Güney Kore’deki gençler Kodak markasını sokakta giyerek yeniden gündeme taşıyor

Tüm bunların yanında, markanın duygusal bağ kurabilme yeteneğini hâlâ koruduğu ifade ediliyor. New York Times’a konuşan bazı tüketiciler, Kodak’ın hâlâ “anı biriktiren” bir marka olarak hissedildiğini söylüyor. Bu durum, markanın sadece geçmişe değil, bugünün hislerine de hitap edebildiğini gösteriyor. Güneydoğu Asya medya çevrelerinde ise Kodak’ın bölgedeki gençler arasında ciddi bir moda akımına dönüştüğü vurgulanıyor.

Kodak, bu yükselişi sadece moda üzerinden değil, aynı zamanda lisans gelirleriyle de destekliyor. Şirket geçen yıl marka lisanslama faaliyetlerinden 20 milyon dolar gelir elde etti. Beş yıl öncesine göre bu alandaki gelirini yüzde 35 artırmış durumda. Bu artış, giyim dışındaki farklı kategorilerde de Kodak markasının kullanılmaya başlandığını gösteriyor.

Marka artık yalnızca fotoğraf makinelerinde değil; gözlük, el feneri, boya, dürbün ve hatta güneş paneli gibi ürünlerde de karşımıza çıkıyor. Tüm bu ürünler Kodak’ın hikâye anlatıcılığı, yaratıcılık ve anı saklama gibi değerleriyle ilişkilendirilerek pazarlanıyor. Bu geniş kavramsal çerçeve, markanın farklı sektörlere yayılmasına olanak tanıyor. Üstelik tüketiciler bu çeşitlendirmeyi yapay değil, samimi buluyor.

Güney Kore’deki bu ilginin altında “newtro” olarak bilinen gençlik hareketi de yatıyor. “New” (yeni) ve “retro” (geçmiş) kelimelerinin birleşiminden oluşan bu akım, geçmişe ait unsurları modern formlarla yeniden gündeme getiriyor.
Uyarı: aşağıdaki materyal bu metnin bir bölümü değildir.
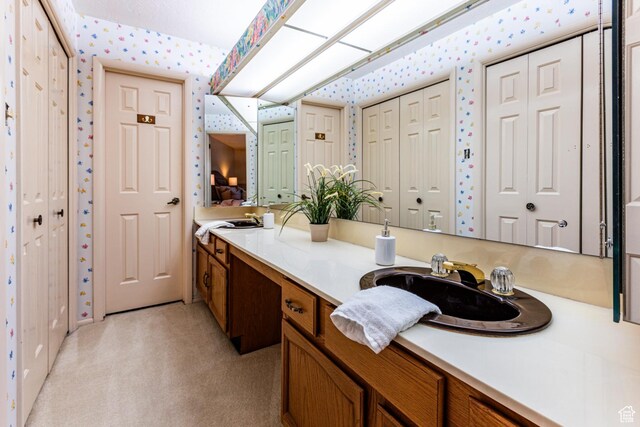 6435 S 1610 E, Murray, UT 84121 - ensuite bathroom featuring wallpapered walls, a closet, and vanity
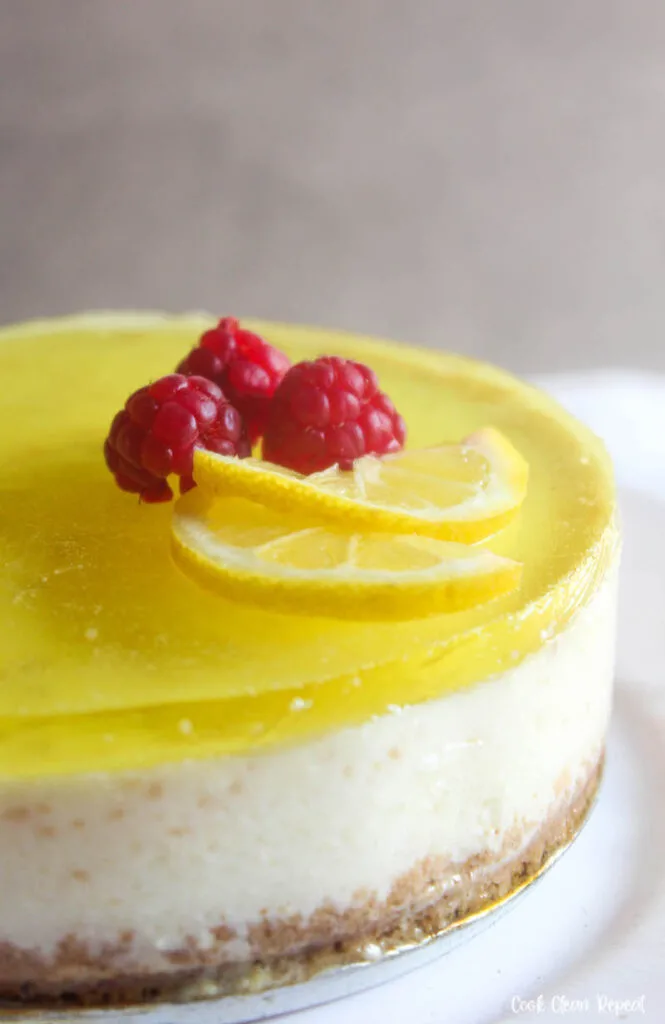 close up view of the finished lemon cheesecake topped with lemons and raspberries.
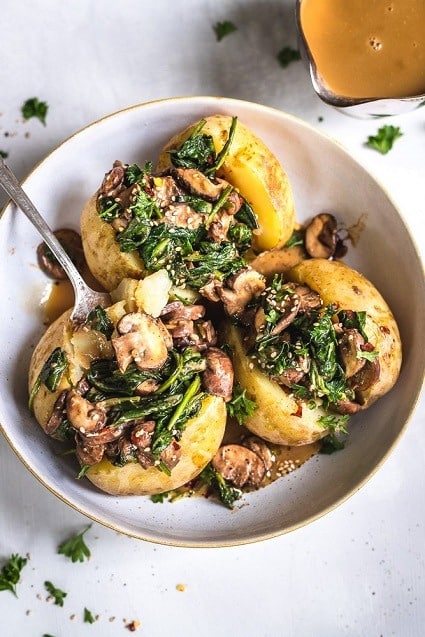 Baked potatoes with mushrooms and spinach.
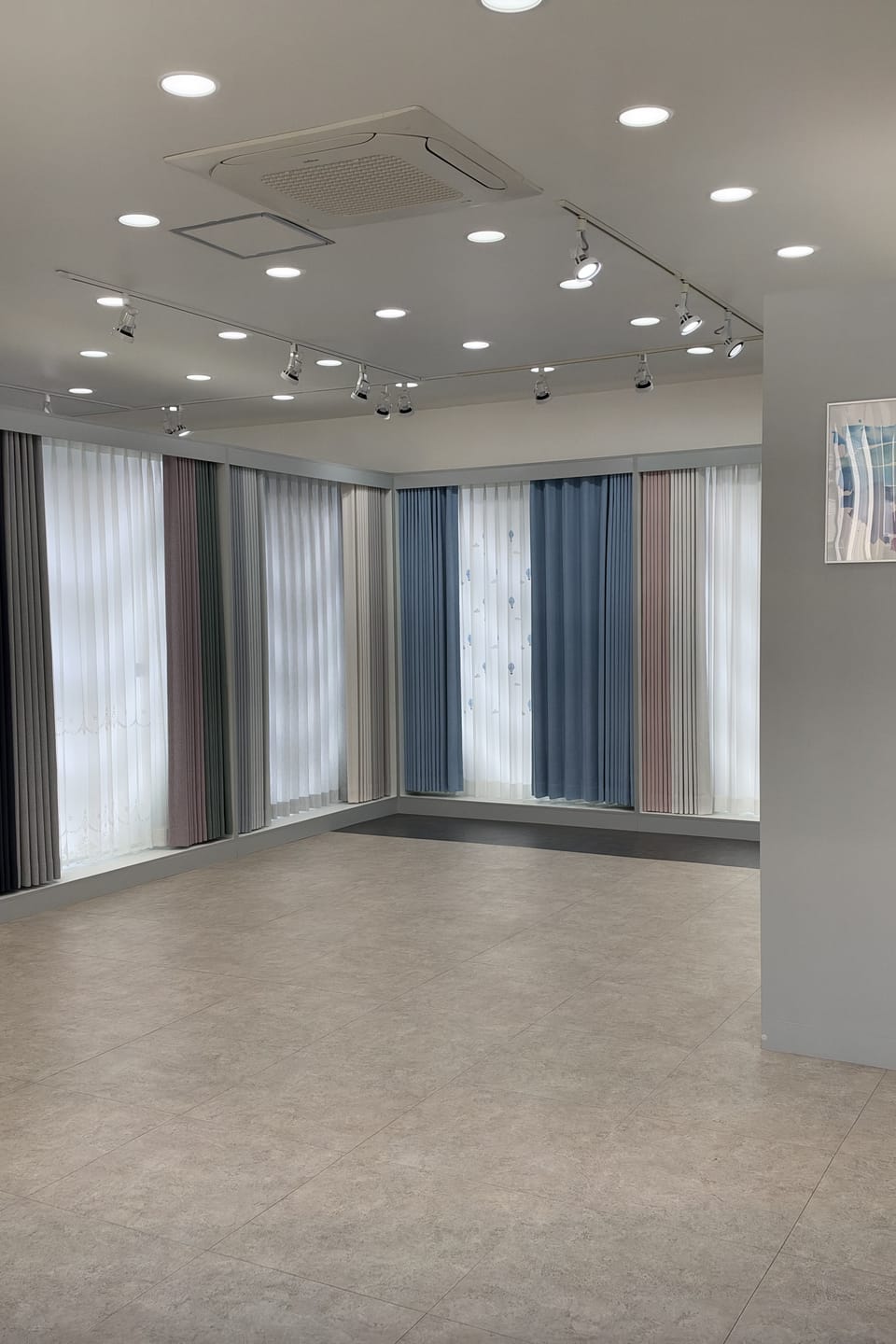양주 전시장 내부, 넓은 바닥을 따라 커튼과 유니커버스가 실제 창 크기로 걸려 있는 모습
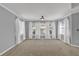Spacious room with carpeted flooring, recessed lights, and many windows with sheer curtains at 4330 Old Oak Trce, Cumming, GA 30041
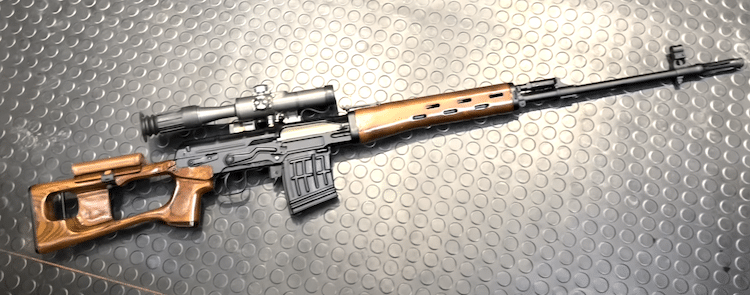 CYMA AK SVD Sniper Rifle and gray background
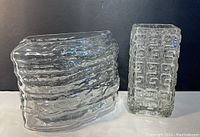 Photo of two clear art glass vases side by side on black background, showing rectangular textured geometric patterned vase, and irregular wavy shaped vase.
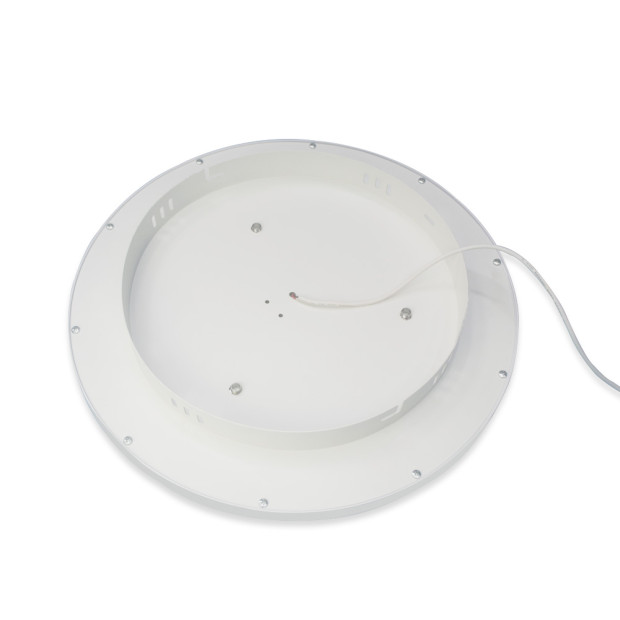 Lumin round LED panel light surface mounted on white ceiling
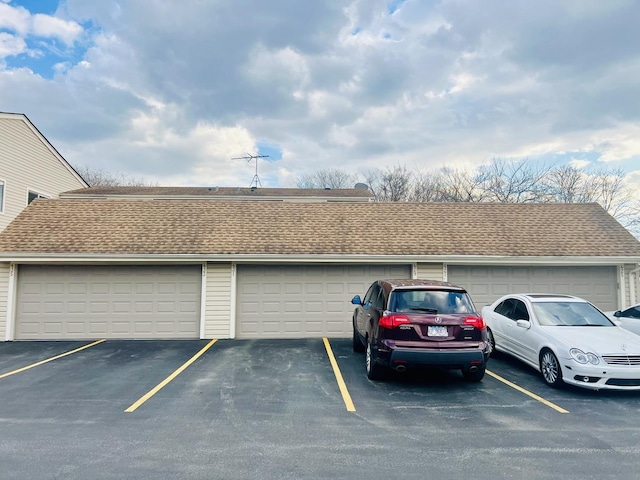 view of car parking with community garages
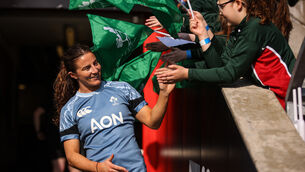 <p>HERO'S WELCOME: Emily Lane high-fives students from Dundonald Primary School on her way out the tunnel. Pic: INPHO/Ben Brady</p>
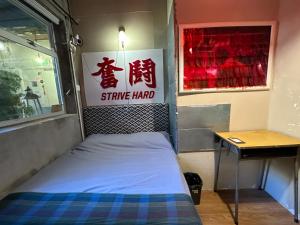 Bett in einem Zimmer mit Schild an der Wand in der Unterkunft Wontonmeen in Hongkong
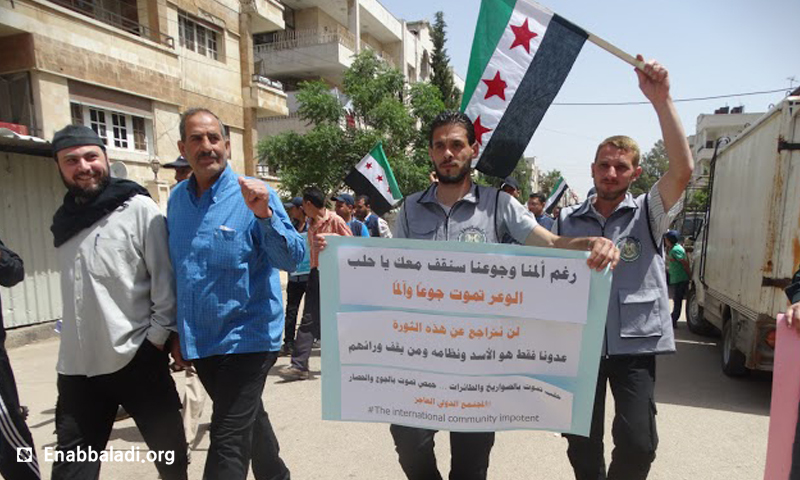وقفة تضامنية في حي الوعر، طالبت بوقف التصعيد في مدينة حلب، الأحد 1 أيار (عنب بلدي).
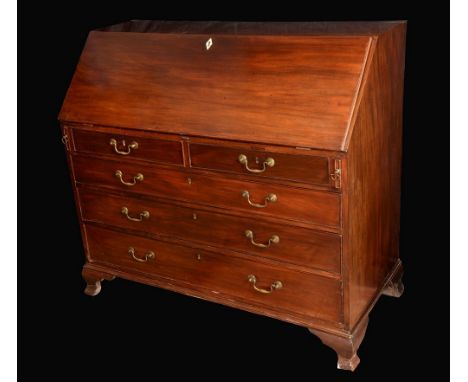 A George III mahogany bureau, fall front enclosing a satinwood veneered arrangement of pigeon holes and small drawers centred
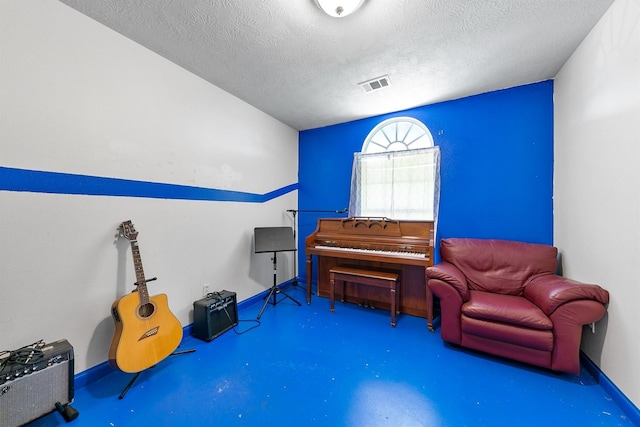 1410 Hovas Ln, Brookshire, TX 77423 - living area featuring concrete floors, a textured ceiling, visible vents, and baseboards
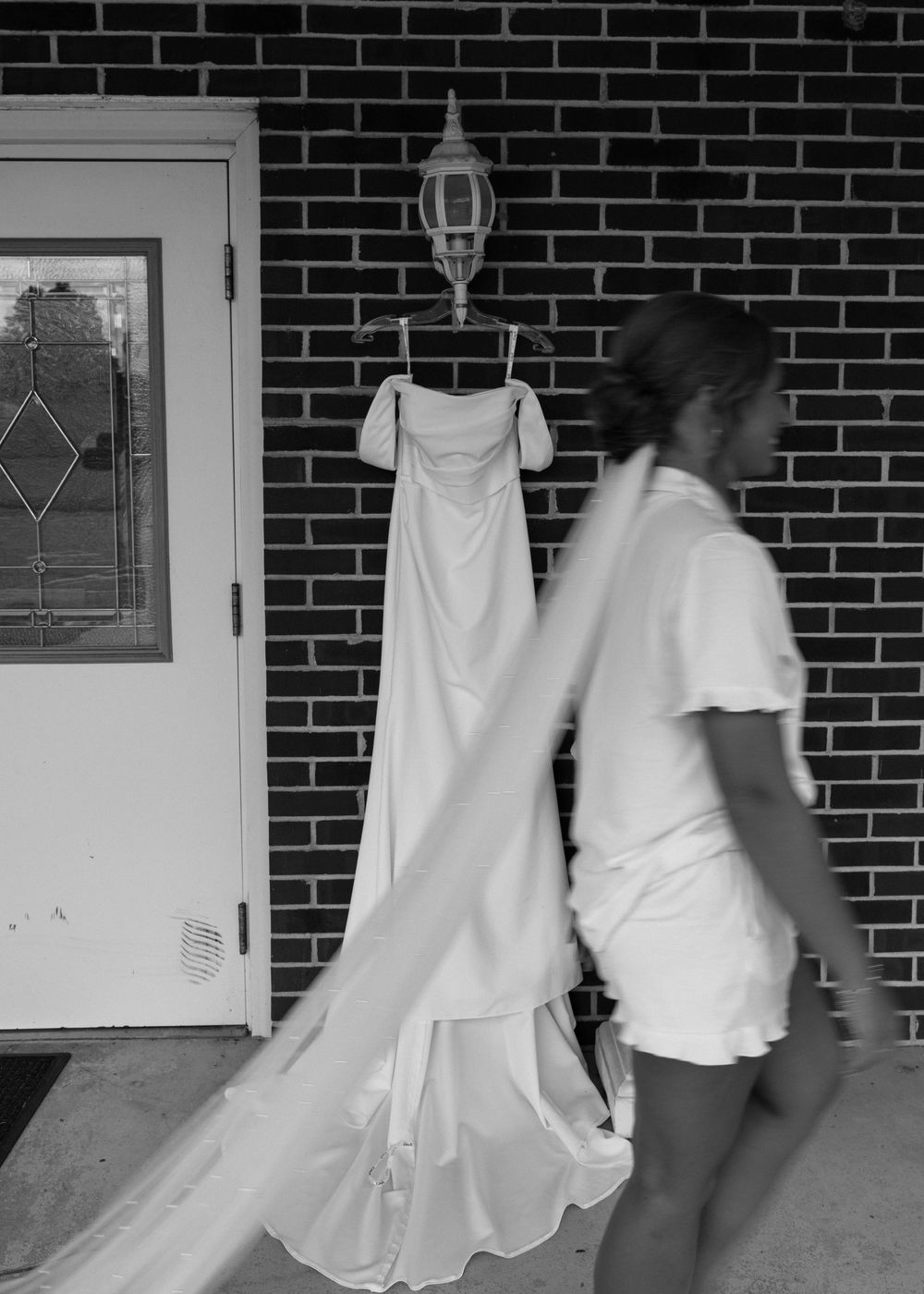 Black and white photo of a woman handling a white wedding dress hung on a brick wall outside a door.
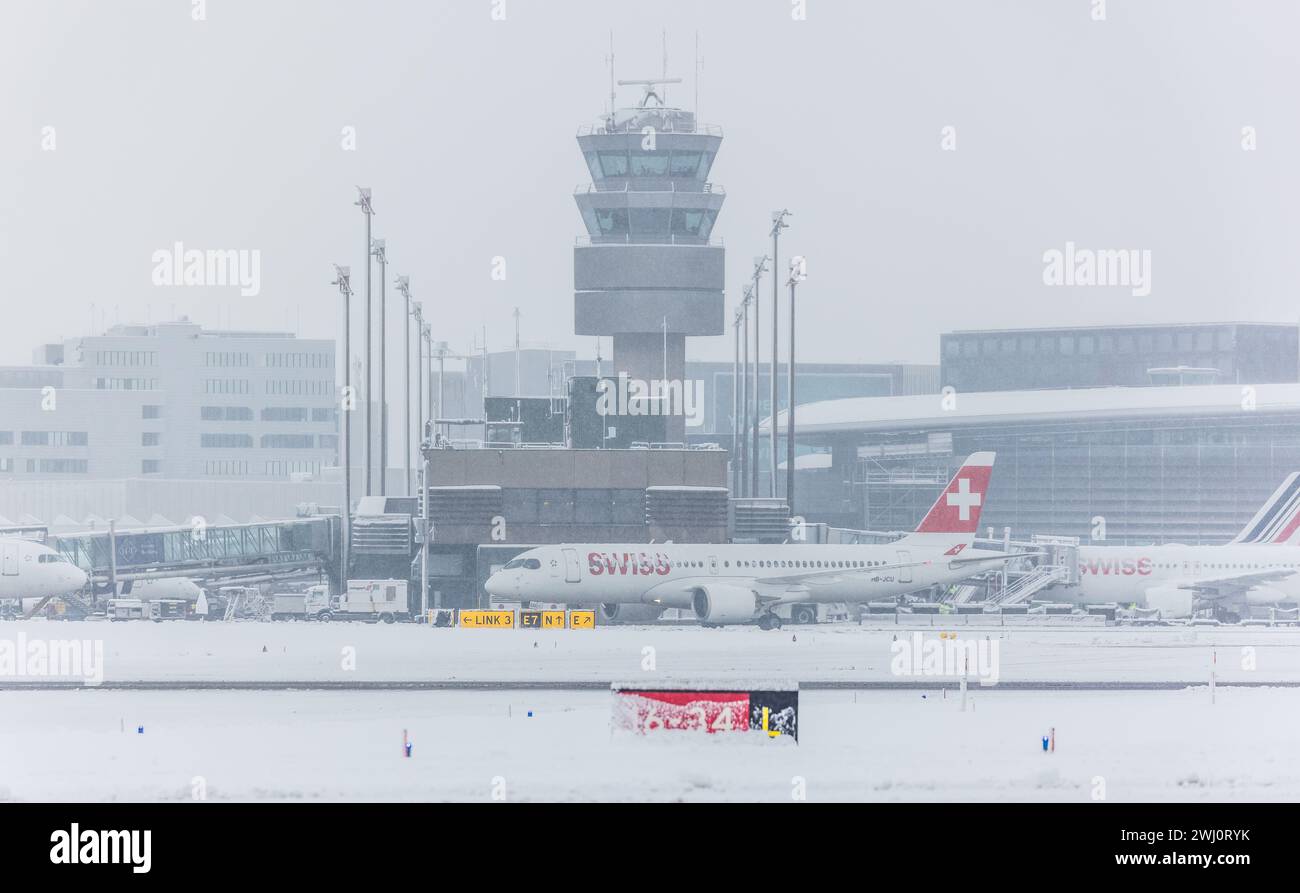 Ein Airbus A220-371 von Swiss International Airlines steht bei starkem Schneefall vor dem Terminal B und dem Kontrollturm des Flughafen Zürich. Regist Stock Photo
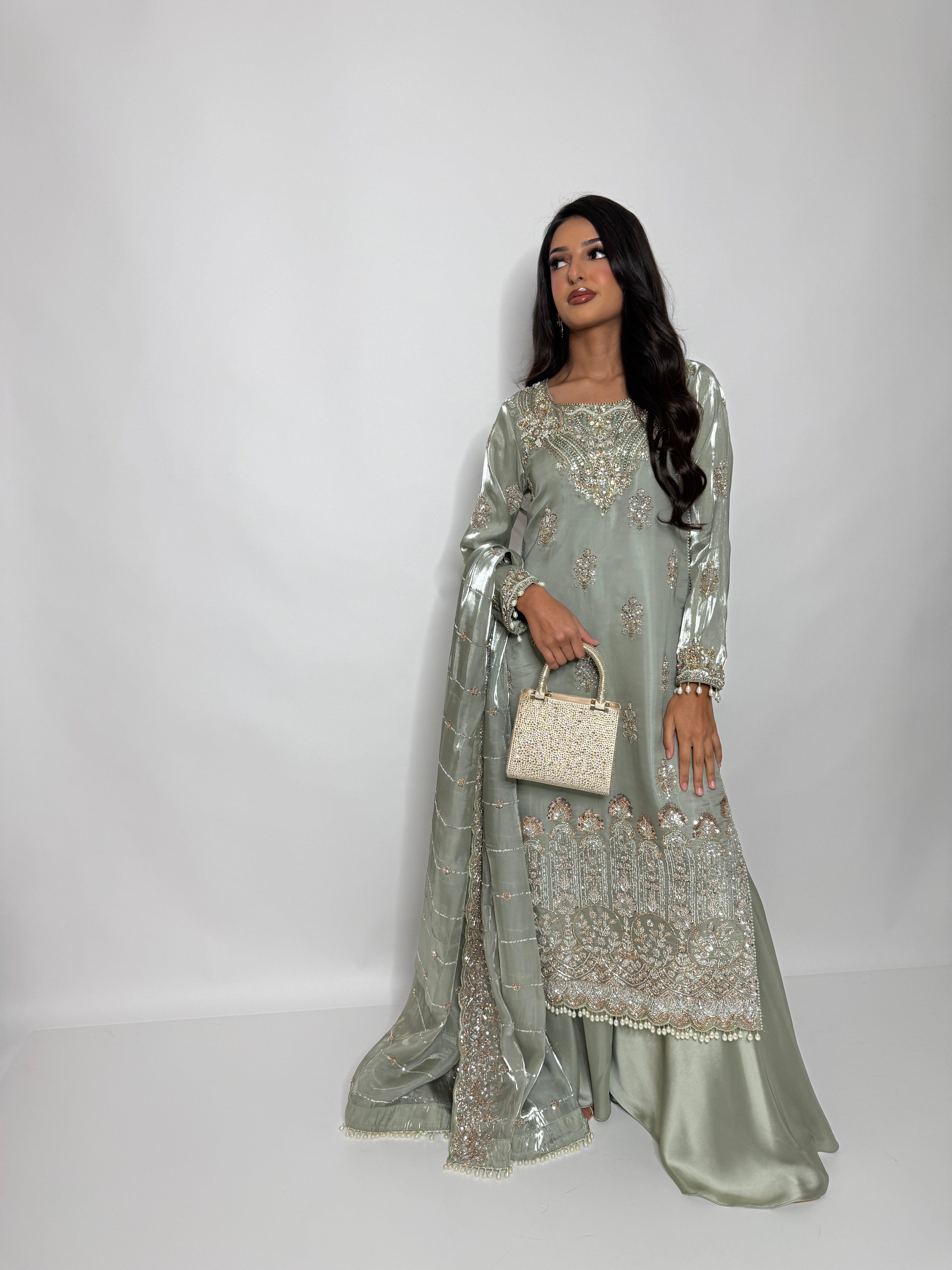Sage green wedding guest outfit with pearl embellished dupatta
Filmli fotoğrafçılığa olan ilginin de artmasıyla birlikte Kodak’ın eski logosu ve tasarımı yeniden cazip hâle geliyor. Tüm bunların yanında, markanın taşıdığı nostaljik anlamlar da tercih edilmesinde etkili oluyor.

Bu değişim her ne kadar Güney Kore özelinde başarılı görünse de, bazı uzmanlar bu durumu eleştirel bir gözle değerlendiriyor. Northwestern Üniversitesi’nden pazarlama profesörü Timothy Calkins, Kodak’ın bu hamlesini zayıflayan bir markanın hayatta kalma çabası olarak yorumluyor. Ona göre, bu çeşitlendirme stratejisi şirketin asıl gücünü yitirdiğini gösteriyor. Bu tür girişimlerin genellikle markanın eski çekiciliğini kurtarma arayışından kaynaklandığını savunuyor.

Ne var ki, Kodak’ın Güney Kore’de ulaştığı görünürlük ve tüketici ilgisi bu görüşlere tam olarak uymuyor. Giyim mağazalarının sayısı, gençler arasındaki popülaritesi ve sosyal medyada gördüğü ilgi, markanın hâlâ hatırı sayılır bir etkiye sahip olduğunu ortaya koyuyor. Güney Koreli tüketicilerin retroya olan ilgisi ve duygusal markalara olan bağlılığı, Kodak gibi geçmişi güçlü markalar için bir yeniden doğuş zemini hazırlıyor. Bu süreçte Kodak, sadece geçmişini değil, yeni neslin zevklerini de dikkate alarak konumlanıyor.